Vêtu comme Aramis l’était la veille, l’évêque monta dans sa voiture. Aramis, plus déguisé encore par sa pâleur et sa tristesse que par son costume de diacre, monta près de lui. La voiture s’arrêta à la porte de White-Hall; il était neuf heures du matin à peu près. Rien ne semblait changé; les antichambres et les corridors, comme la veille, étaient pleins de gardes. Deux sentinelles veillaient à la porte du roi, deux autres se promenaient devant le balcon sur la plate-forme de l’échafaud, où le billot était déjà posé.

Le roi était plein d’espérance; en revoyant Aramis, cette espérance se changea en joie. Il embrassa Juxon, il serra la main d’Aramis. L’évêque affecta de parler haut et devant tout le monde de leur entrevue de la veille. Le roi lui répondit que les paroles qu’il lui avait dites dans cette entrevue avaient porté leur fruit, et qu’il désirait encore un entretien pareil. Juxon se retourna vers les assistants et les pria de le laisser seul avec le roi. Tout le monde se retira.

Dès que la porte se fut refermée:

– Sire, dit Aramis avec rapidité, vous êtes sauvé! Le bourreau de Londres a disparu; son aide s’est cassé la cuisse hier sous les fenêtres de Votre Majesté.

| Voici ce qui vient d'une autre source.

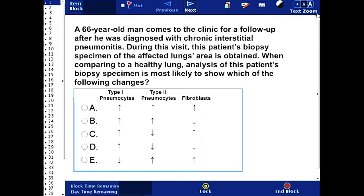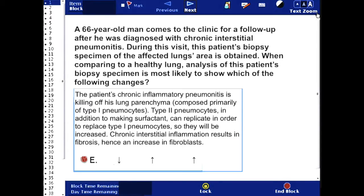The correct answer here is E. The patient's chronic inflammatory pneumonitis is killing off his lung parenchyma, which is composed primarily of type 1 pneumocytes. Hence, you will see a decrease in type 1 pneumocytes.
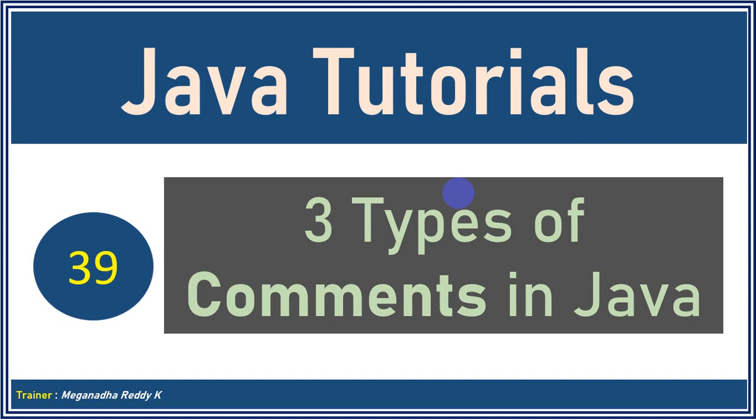Hello everyone. Welcome back. This is Meghna. In this module we talk about three types of comments in Java.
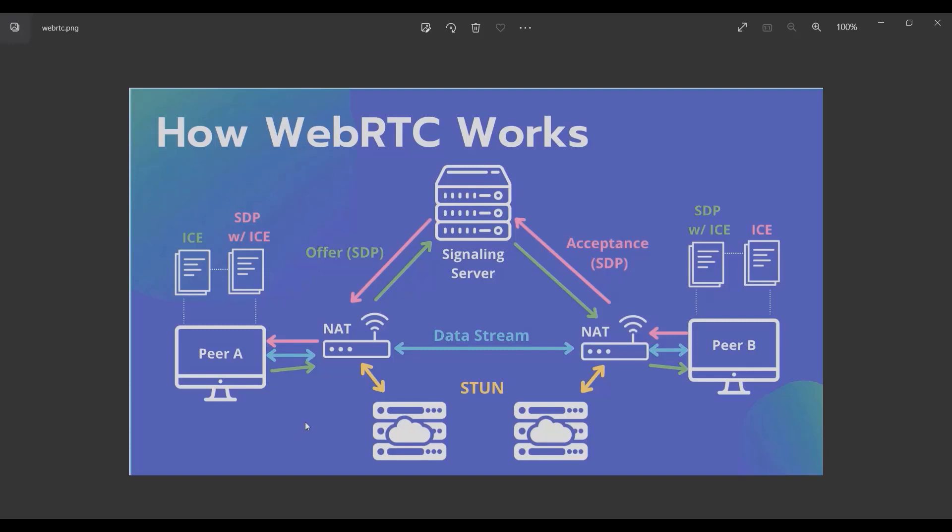The STUN server is a way to get your public IP address. I'll try to give you more information when I'm writing the code. So before you get confused, let's start with the code.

Ce cri que nous avons entendu, c’était le sien. Sans doute on s’est déjà aperçu de la disparition de l’exécuteur; mais il n’y a de bourreau qu’à Bristol, et il faut le temps de l’aller chercher. Nous avons donc au moins jusqu’à demain.

– Mais le comte de La Fère? demanda le roi.

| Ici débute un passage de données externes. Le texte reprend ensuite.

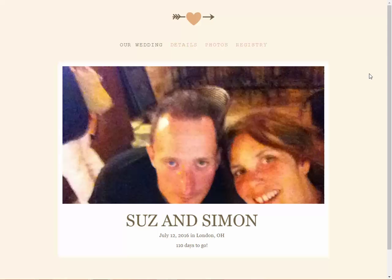Another drawback is that The Knot has control over your site, so it's not necessarily yours to do with as you want. For example, after the wedding you might want to add extra photographs and keep it up for years to come — adding something on every anniversary — but that may not be possible since you don't know what The Knot is going to do with your site. So you may want to think of other alternatives if that's something you want to do.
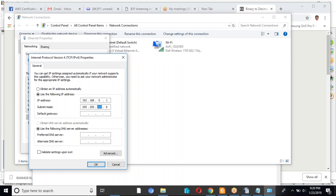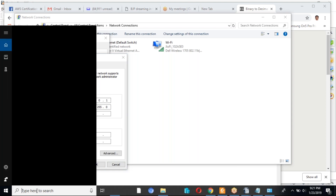So we will do a simulation using some software and we will practice this.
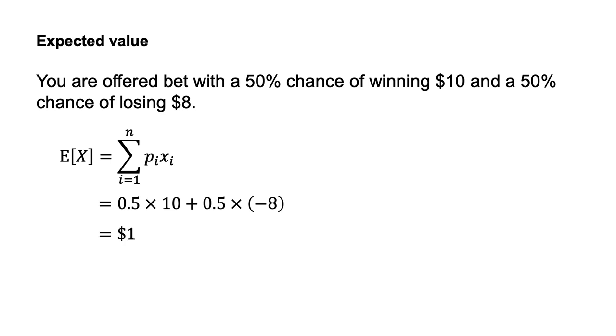Relating back to my earlier explanation of the summation symbol, here we have n equals 2 outcomes. We sum P1 equals 0.5 multiplied by X1 equals 10 with P2 equals 0.5 multiplied by X2 equals minus 8.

– À deux pieds de vous, sire. Prenez le poker du brasier et frappez trois coups, vous allez l’entendre vous répondre.

Le roi, d’une main tremblante, prit l’instrument et frappa trois coups à intervalles égaux. Aussitôt des coups sourds et ménagés, répondant au signal donné, retentirent sous le parquet.

– Ainsi, dit le roi, celui qui me répond là…

– Est le comte de La Fère, sire, dit Aramis. Il prépare la voie par laquelle Votre Majesté pourra fuir. Parry, de son côté, soulèvera cette dalle de marbre, et un passage sera tout ouvert.

– Mais, dit Parry, je n’ai aucun instrument.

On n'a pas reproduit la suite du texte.